Кстати, сейчас становится понятным, что как раз эта самая ориентация в реальности была совершенно непрактичной, что ради того, чтобы получить ту самую «личную выгоду» на копейку разрушали общественное производство на миллионы рублей. Однако тогда все выглядело совершенно иначе: огромная часть людей была убеждена, что именно она, эта самая «личная выгода» принесет богатство и процветание – а любое обращение к общим ценностям неизбежно ведет в Ад. Причем, продержалась эта уверенность поразительно долго – я еще помню, что на выборах 1996 года нищие преподаватели вуза убеждали нас, студентов, голосовать за … партию Гайдара и Бориса Ельцина. Ага, чтобы не пришли проклятые коммуняки и не отобрали… ну, не знаю, чего можно было тогда отобрать у преподавателя , которому зарплату не платили месяцами.

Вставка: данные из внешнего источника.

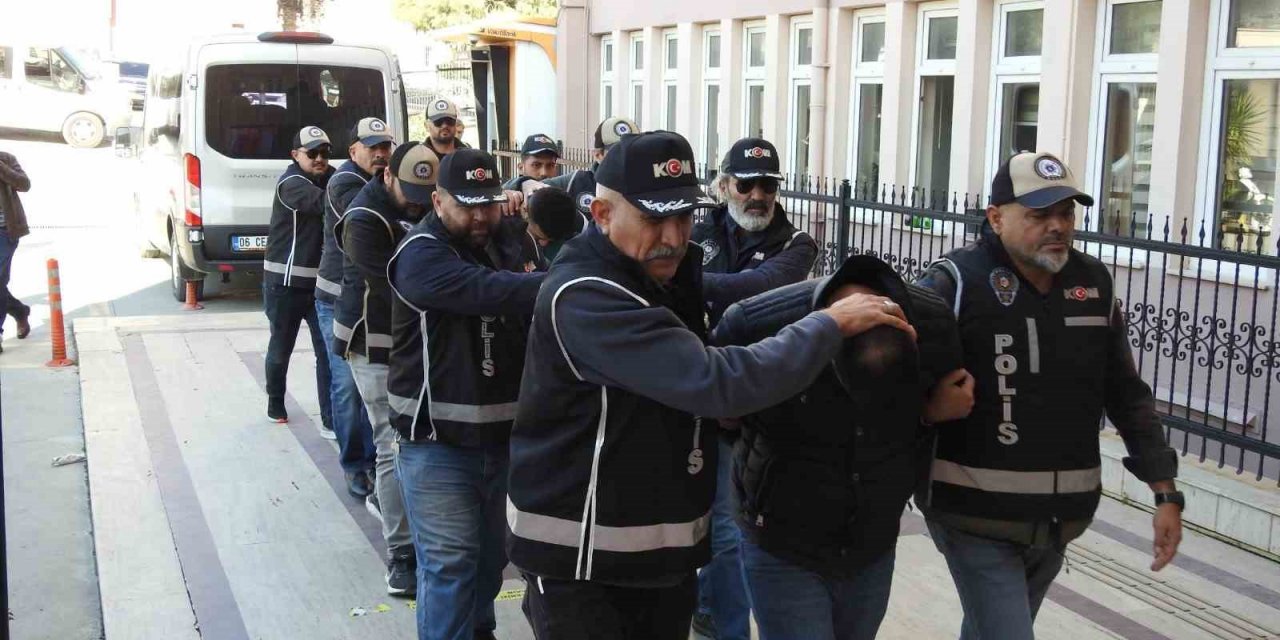 Söke’de göçmen kaçakçılığı operasyonu: 12 yakalama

Впрочем, любом случае, дихотомия «хорошие обыватели – плохие революционеры» в данном случае прекрасно показала свою деструктивность: пришедшие «любители личной выгоды и наслаждений», вместо того, чтобы привести страну в «потребительский рай», реально бросили большую ее часть в нищету. Развал промышленности, науки, искусства, деградация инфраструктуры, бесконечные «конфликты» в бывших советских республиках – периодически переходящие в банальную резню – наконец, фантастическая роскошь дорвавшихся до денег нуворишей, в общем, все эти реальности 1990 годов мало соответствовали представлениям о «нормальной стране». Увы, в рамках господствующей парадигмы населению ничего не оставалось, как ждать «когда же эти наворуются», «когда на смену олигархам первого поколения придут их дети» и т.д. Как можно легко догадаться – эти надежды оказались пустыми. («Дети», как показала практика, оказываются не только еще более жадными –но и банально тупыми.)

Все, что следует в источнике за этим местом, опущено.